▸ **Provided information**

● ● ● ● ● ● ●

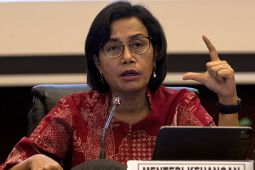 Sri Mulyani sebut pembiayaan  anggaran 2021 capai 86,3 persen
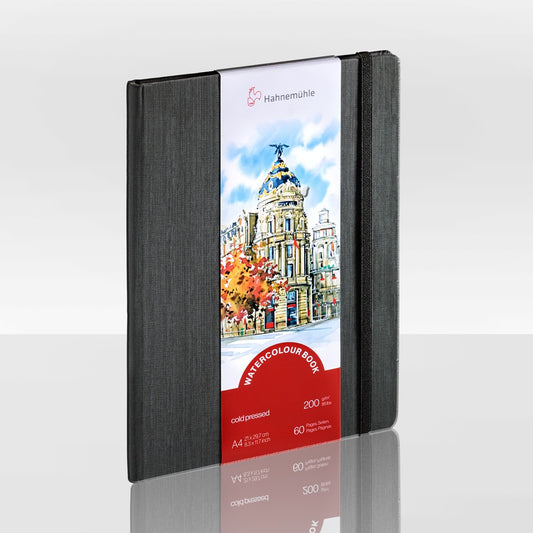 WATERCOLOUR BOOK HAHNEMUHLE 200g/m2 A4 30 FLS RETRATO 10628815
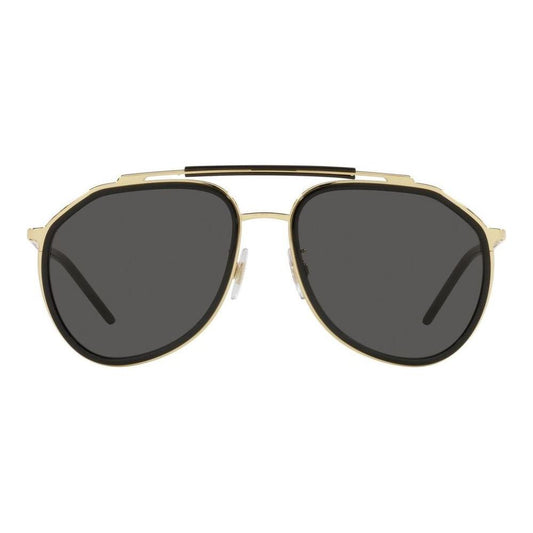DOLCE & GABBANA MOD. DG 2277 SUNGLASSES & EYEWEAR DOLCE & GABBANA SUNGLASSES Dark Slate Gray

● ● ● ● ● ● ●

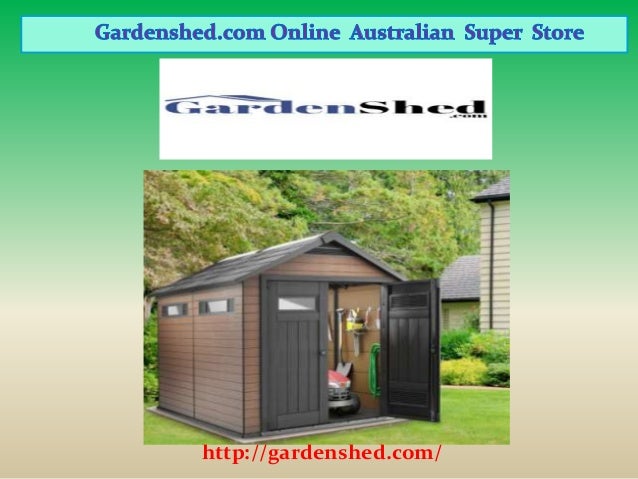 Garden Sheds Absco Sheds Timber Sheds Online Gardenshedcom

● ● ● ● ● ● ●

Within the listing above, write out the stretch from the line with "Sri Mulyani sebut" through the line with "DOLCE & GABBANA MOD." exactly. Any pictures are to be left out.

▸ **Solution for this problem**
 Sri Mulyani sebut pembiayaan  anggaran 2021 capai 86,3 persen
 WATERCOLOUR BOOK HAHNEMUHLE 200g/m2 A4 30 FLS RETRATO 10628815
DOLCE & GABBANA MOD. DG 2277 SUNGLASSES & EYEWEAR DOLCE & GABBANA SUNGLASSES Dark Slate Gray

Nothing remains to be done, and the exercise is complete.